メッセージはメディアとなった 印刷はなんのために?

 遠い昔の、学生時代。わたしはカリカリと銅版画を制作しつつも、オノヨーコの、アート作品に憧れていた。

 いまでこそ、日本の現代美術館で企画されることも少なくないけれど、そのころ、オノヨーコはまだ、ジョン・レノンと結婚し、ビートルズを解散させた(といわれる)最も有名でスキャンダラスな日本人女性...なのだった。誰も、アーティストとしてのオノヨーコの作品になど興味をもってはいなかった。わたしが、ぼろぼろになるまで眺めたのは、飯村隆彦Yoko Ono―オノ・ヨーコ人と作品』だ。とにかく、その作品は詩的でコケティッシュで、愛らしさを保ちつつ、鋭くこちらへ挑んでくるものだった。そして、わたしは初めて、アートのなかにある愛らしい切実さというものを知ったのだった。
 その本のなかには、オノヨーコのインタビューが載っていた。彼女がひたすらメッセージ(たとえば-WAR IS OVER-)を発信しつづけることについてふれ、「マクルーハンはメディアはメッセージであるといったけれど、わたしはメッセージはメディアであるといいたい」と語っていた。
 個人発信の拡散が容易になったいまになって、メッセージがメディアになりうることは、現実となった。

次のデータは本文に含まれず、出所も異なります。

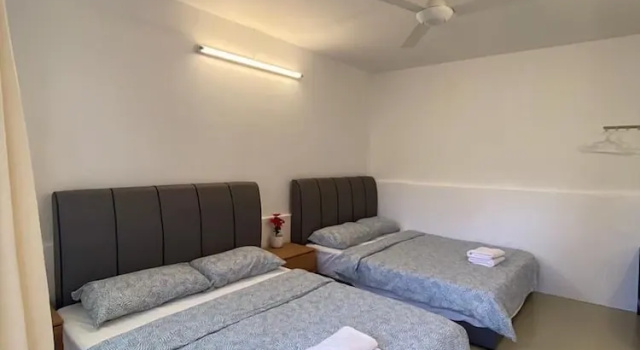 Четырёхместный семейный номер Standard Moonriver Lodge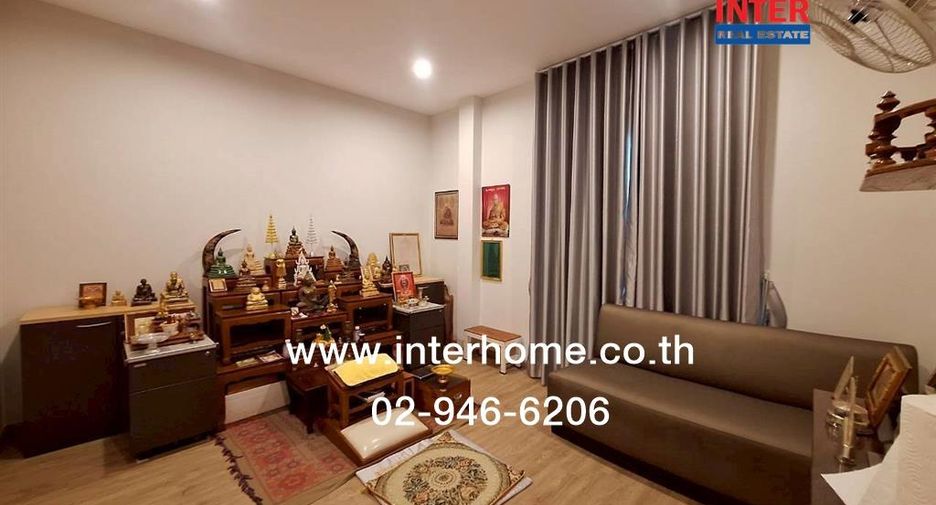 For sale 3 bedrooms house in Nong Chok, Bangkok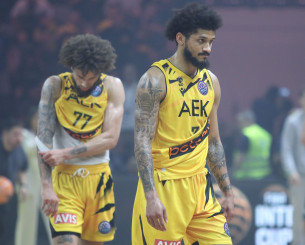 Η ΑΕΚ άγγιξε το θαύμα του τελικού, αλλά η Μάλαγα έδειξε κλάση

 メッセージはメディアであるという考え方は、わたしのこころの深くに刺さった。表現はいつも足下から、小さな個人のことばの域はでないが、その広がりは無限になりうる。版画という、一種の複製芸術の世界に入り始めていたこともあって、広がる可能性については、なんとなくではあるが肌感覚のなかにあった。悲しいかな、力不足で現実的にその広がりは乏しかったが、オノヨーコの考え方は、なにより、自分の無力さを嘆くこころを勇気づけてくれるものだった。
 少しずつではあるけれど、手動の印刷手段による本づくりの準備は始まっている。プリンターのほうが早いとか、いまの印刷は安いとか、いろいろあるのだけど、例えば風合いとか、スタイルとしてこういうやり方を選ぶというより、このときの「メッセージはメディアである」という言葉との出会いが、大きかったといま考える。

 わたしは表現することで何がしたいのか...何を見つけたいのか...おそらく何かと何かの間にある無の空間。あるいは負の空間のありようを探りたいのだと思う。そのネガをどれだけみつめていられるかということ。
 例えば、ノートルダム寺院を例にとり「書物はかつて建築だった」といったのは、ユゴーだった。では、建築と本の間には、何があるのか。ということ。あるいは、機械と手の間にはなにがあるのか。原本とコピーの間にはなにがあるのか、平和と戦争の間にはなにがあるのか、個とシステムの間にはなにがあるのか...まだはっきり何とはいえないけど、闇になかに手を入れてずっと探っていたいと思う。

 いまやろうとしている、アナログの印刷による冊子の作成は、そのこと自体がメッセージとなればと思いながら取り組んでいる。これは、個人の手と複製と拡散によるメッセージの遅延を目的としている。どれでもないスピード感でメッセージを送ってみたいのかもしれないし、単なるへそまがりの居場所さがしなのかもしれない。